Real-World Pitfalls & Lessons Learned

1. Latency Spikes
If transaction logs grow faster than they can be processed, CDC lags. Use monitoring to detect backlog.

2. Re-ordering Issues
Distributed brokers may deliver messages out of order for different keys. Partition wisely.

3. Large Transactions
One huge batch update can produce millions of CDC events, overwhelming consumers.

4. Schema Drift
Lack of governance can cause downstream breakages.
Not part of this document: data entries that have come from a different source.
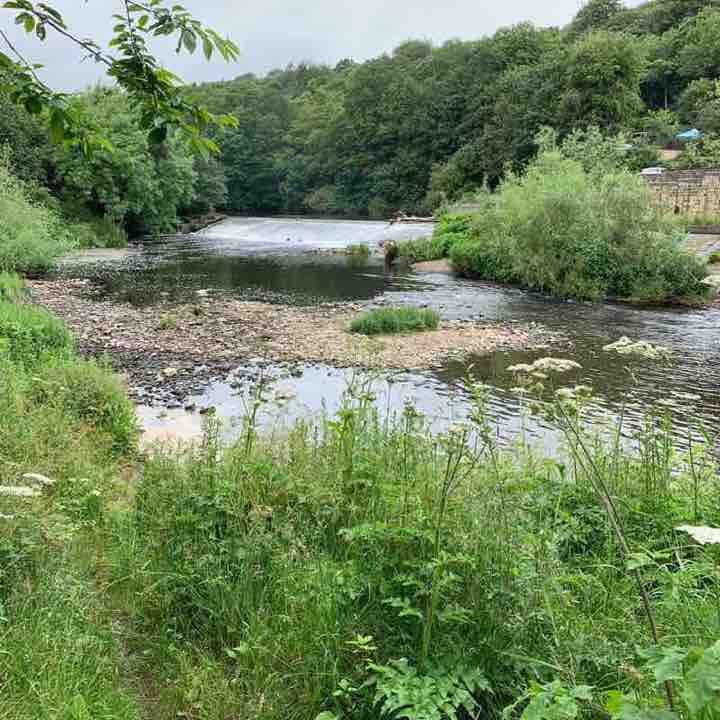Quarry to old mill waterfall through golf course walking route map in Colnebridge
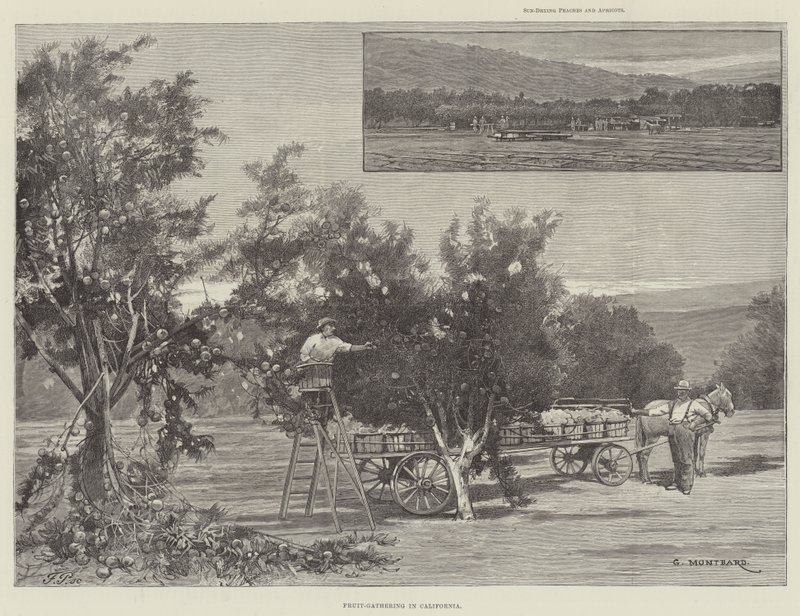 Fruit-Gathering in California by Charles Auguste Loye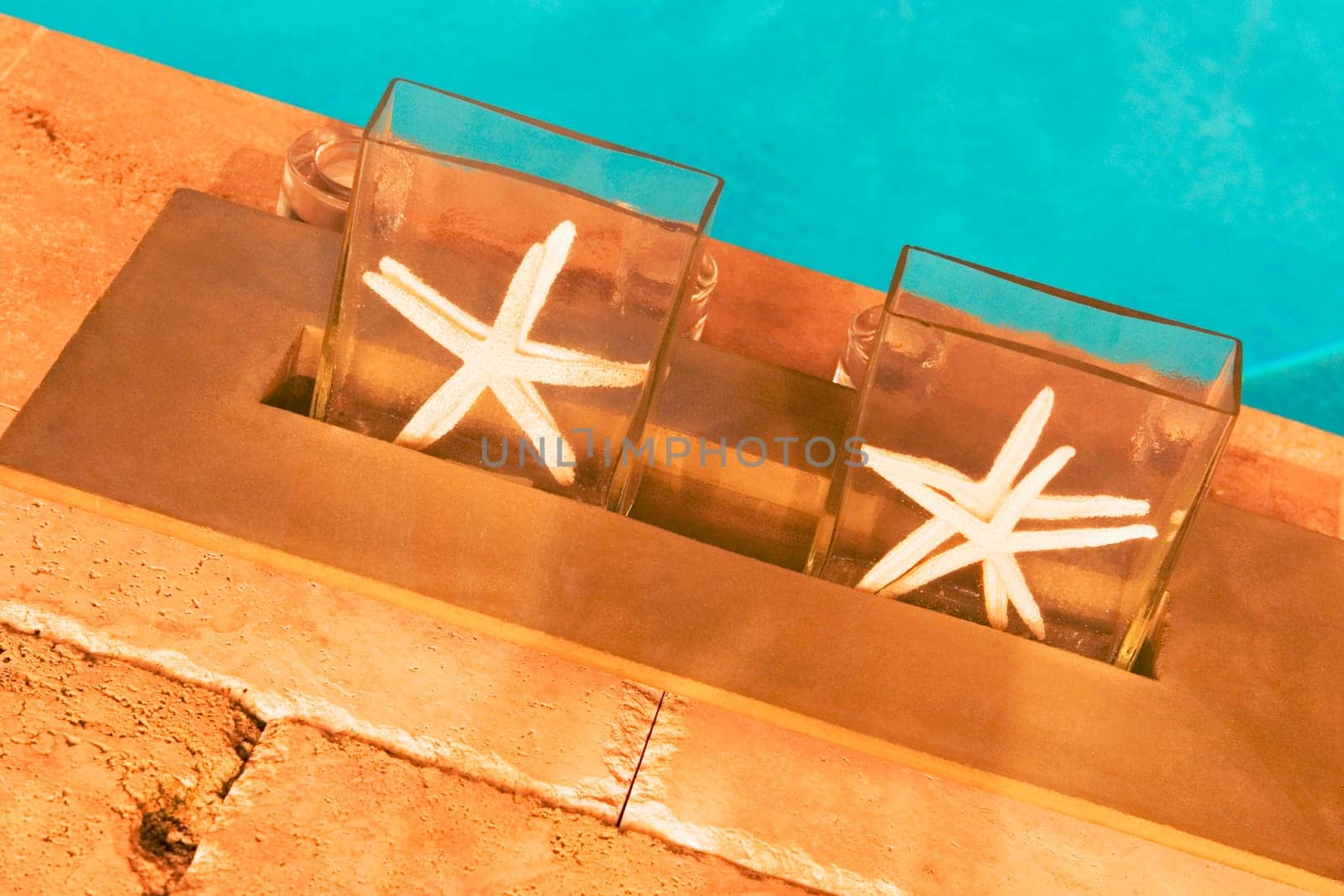 High angle view of two starfish at the poolside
Always integrate CDC into your data governance process.


CDC in the Cloud & SaaS Era

Cloud providers now offer managed CDC pipelines:

  • AWS Database Migration Service (DMS) — CDC to S3, Redshift, Kafka.
  • Azure Data Factory — Mapping Data Flows with CDC.
  • Google Datastream — CDC to BigQuery and Cloud Storage.
  • Fivetran / Hevo / Stitch — SaaS CDC connectors.

These services simplify deployment but can hide operational complexity — you still need to handle schema changes, retries, and ordering.


CDC for Event-Driven Microservices

CDC is not just for analytics — it can drive domain events in microservice architectures:

  • Database as the single source of truth.
  • Changes emitted as events for other services.
  • Enables outbox pattern for guaranteed delivery.

Outbox Pattern:
Write to a dedicated outbox table in the same transaction as the business change, then a CDC process reads and publishes from it.


The Future of CDC

We are seeing a shift from CDC as an ETL technique to CDC as the backbone of distributed systems:

  • CDC + CQRS — Command Query Responsibility Segregation with event sourcing.
  • CDC + Streaming Joins — Real-time joins across heterogeneous sources.
  • CDC + ML — Real-time feature updates and online inference.

Summary

CDC has evolved from a niche database replication feature into a critical enabler of:

  • Real-time analytics
  • Event-driven microservices
  • Streaming ETL
  • Regulatory compliance

When designed well, CDC pipelines can power systems that are reactive, scalable, and low-latency — while minimizing the strain on source systems.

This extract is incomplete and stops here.